I suppose my view on this is somewhat an inversion of what I see as the norm: others dismiss IQ tests as meaningless for human beings but find them significant metrics for machine intelligence.

Really - do you mean norm for society in general or norm for LW? I agree that IQ tests are meaningful for humans but less so for AI/AGI.

However - I also do believe that this particular type of test measures something of value for AI, and this research does represent some amount of real progress (assuming the results are genuine and will be replicated). There are however probably better and more challenging types of QA tasks that more specifically test abilities important/hard for AGI that are easy for humans.

Really - do you mean norm for society in general or norm for LW? The general norm for each position separately.

I also do believe that this particular type of test measures something of value for AI

Insofar as they showcase generally applicable methods, I would agree. Their use of deep learning seems encouraging, though I cannot tell from the abstract how domain-specfic their methods are, and thus to what extent similar techniques could figure into an architecture for general intelligence. If the techniques used don't robustly generalise, then you'd have to tailor the approach to whatever particular domain you're working in. Thus the society of mind remark - Minsky's thesis as I understand it is that the mind is a kludge of tailor-made components that perform nicely in their domain but are basically useless outside of it (which seems to me incompatible with the phenomenon of neuroplasticity). Anybody advocating for novel, domain-specific tailoring of general algorithms to specific domains is then adhering to Minsky's approach.

To take seriously the idea that some system represents a concrete step towards general intelligence, I'd have to see its performance on a battery of "agi-hard" metrics. I can't give a precise definition of what such might be, but IQ subtests that drastically restrict the scope of NLP techniques needed seem obviously not to qualify.

A much more compelling performance would be the ability for a system to, say, read a textbook on topology and then pass an exam paper on the subject, with neither having been pre-formated into a convenient represention.

Thus the society of mind remark - Minsky's thesis as I understand it is that the mind is a kludge of tailor-made components that perform nicely in their domain but are basically useless outside of it (which seems to me incompatible with the phenomenon of neuroplasticity).

In a complex ANN or a brain, you start with a really simple hierarchical prior over the network and a general purpose optimizer. After training you may get a 'kludge of tailor-made components' that perform really well on the domain you trained on. The result may be specific, but the process is very general.

A much more compelling performance would be the ability for a system to, say, read a textbook on topology and then pass an exam paper on the subject,

Yes, but that probably requires a large number of precursor capabilities AI systems do not yet possess.

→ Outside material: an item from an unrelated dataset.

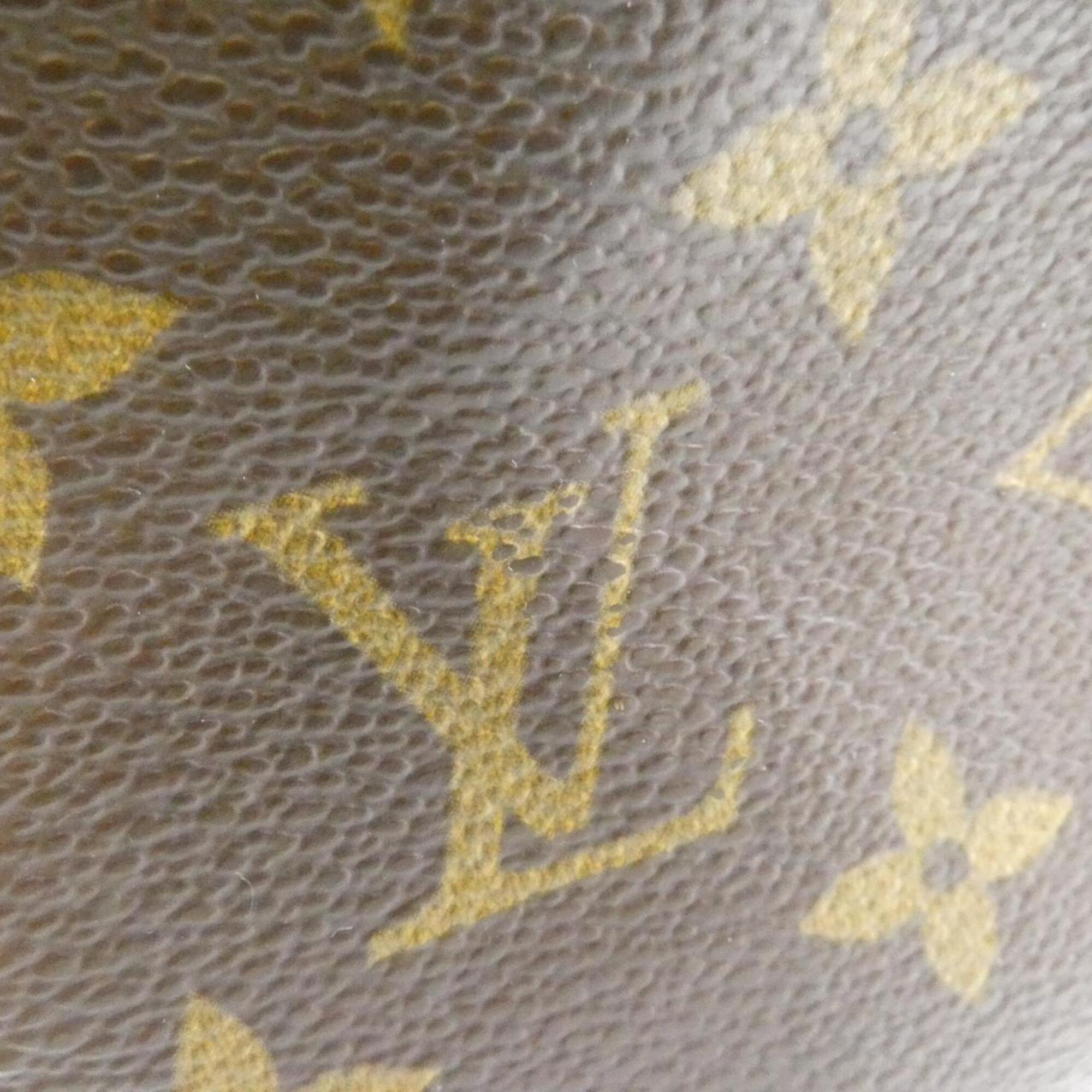 Louis Vuitton Marron Coated Canvas Shoulder Bag (Pre-Owned)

I generally agree that a proper "agi-hard" metric will include a large battery of tests to get coverage over a wide range of abilities. We actually already have a good deal of experience on how to train AGIs and how to come up with good test metrics - in the field of education.

However you could view the various AI benchmarks in aggregation as an AGI test battery - each test measures only a narrow ability but combine enough of those tests and you have something more general. The recent development of textual QA benchmarks is another next step in that progression. Game environment tests such as Atari provide another orthogonal way to measure AGI progress.

Just to be clear: what I meant by "domain specific methods" in this context is auxiliary techniques that boost the performance of the general "component synthesis procedure" (such as an ANN) within a specific domain. It seems that if you want a truly general system, even one that works by producing hairy purpose specific components, then such auxiliary techniques cannot be used (unless synthesized by the agent itself). You can push this requirement to absurdity in practice, so I'm only stressing that it should be capable of tractably inventing its own auxiliary procedures in principle even if it didn't actually invent all the ones it uses. On the whole however I pretty much concur.